Russian broker BCS gets Wall Street green light

Russian broker BCS gets Wall Street green light
Facade of the New York Stock Exchange at 11 Wall Street, Lower Manhattan. / Photo by Josh Hallett/CC
By Jason Corcoran May 31, 2016

BCS Financial Group, a Russian brokerage born in Siberia, has received final regulatory approval in the US and is ready to start slinging stocks on Wall Street.

"On Friday evening, we got Finra's approval in the US," Luis Saenz, head of equity sales and trading at BCS, told bne IntelliNews.

The green light from Finra, the Financial Industry Regulatory Authority in the US, came on Friday May 27, arriving coincidentally just two days after the publication of a bne IntelliNews profile of the firm.

"We believe that the United States will remain the single biggest investor in Russia and emerging markets for years to come," said Saenz. "Moving into the US is a natural step in our evolution as as business."

BCS is attempting to crack Wall Street at a time when most of their established rivals are retreating or cowering under the stigma of sanctions.

The firm, which is the largest trader of equities and derivatives on the Moscow Exchange, concluded a deal late last year to buy Alforma Capital Markets, a New York-based subsidiary of Russian lender Alfa Bank.

Buying Alforma gives BCS access to a fully regulated US broker dealer without having to spend years applying for the various licenses.
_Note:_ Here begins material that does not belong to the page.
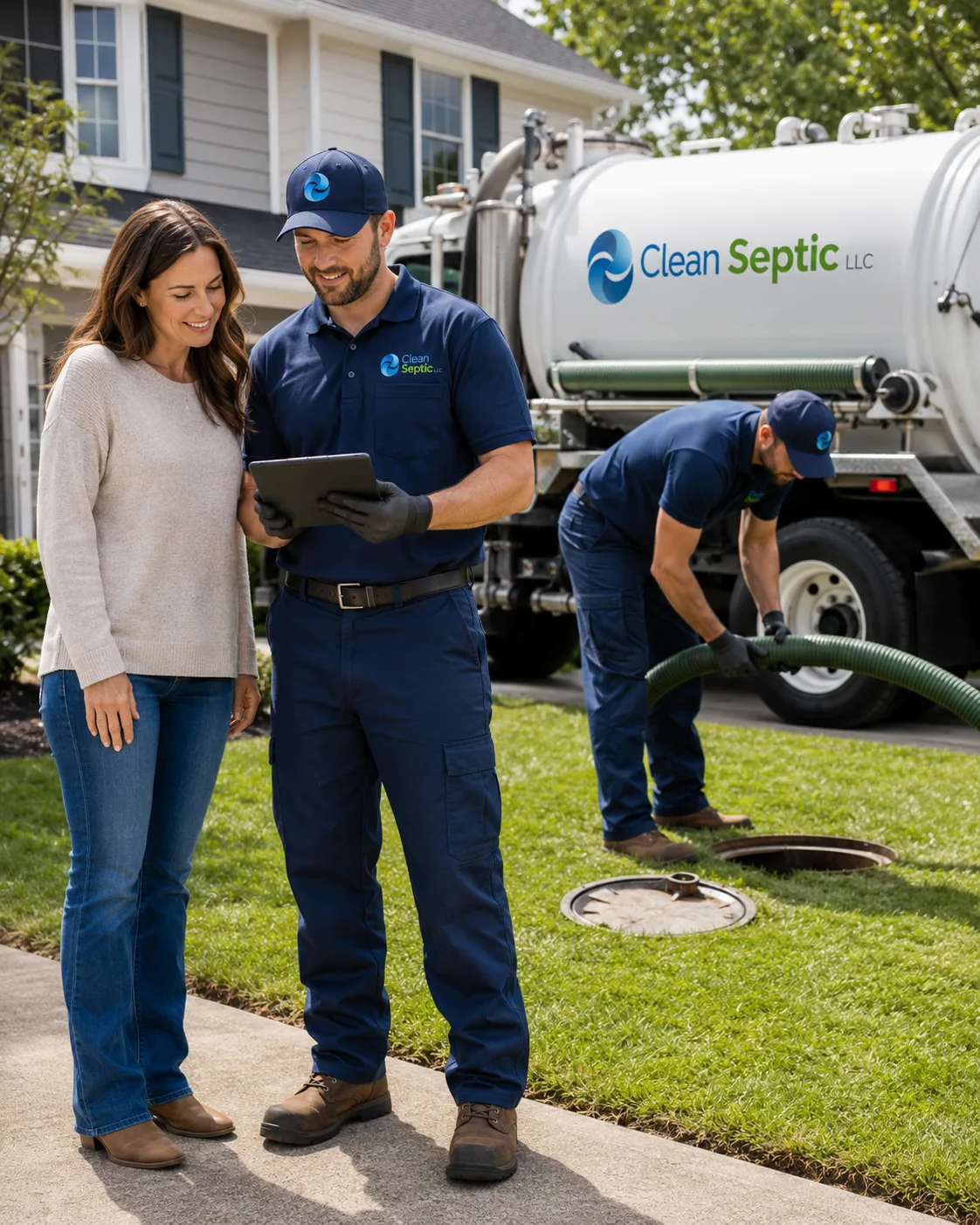 Septic Tank Pumping in Porterdale, GA near me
Alfa pulled the plug on its own operation on Wall Street after trading volumes collapsed in the wake of sanctions and Russia's economic contraction since 2014. VTB Capital and Sberbank CIB, whose parent groups were both sanctioned over the Kremlin's interference in the Ukraine conflict, have both been slashing their New York operations to the bone as business evaporated.

BCS, which hasn't been sanctioned, is already pitching aggressively to US clients, who are intrigued by an independent Russian brokerage not aligned to the state or any oligarch grouping, according to Saenz.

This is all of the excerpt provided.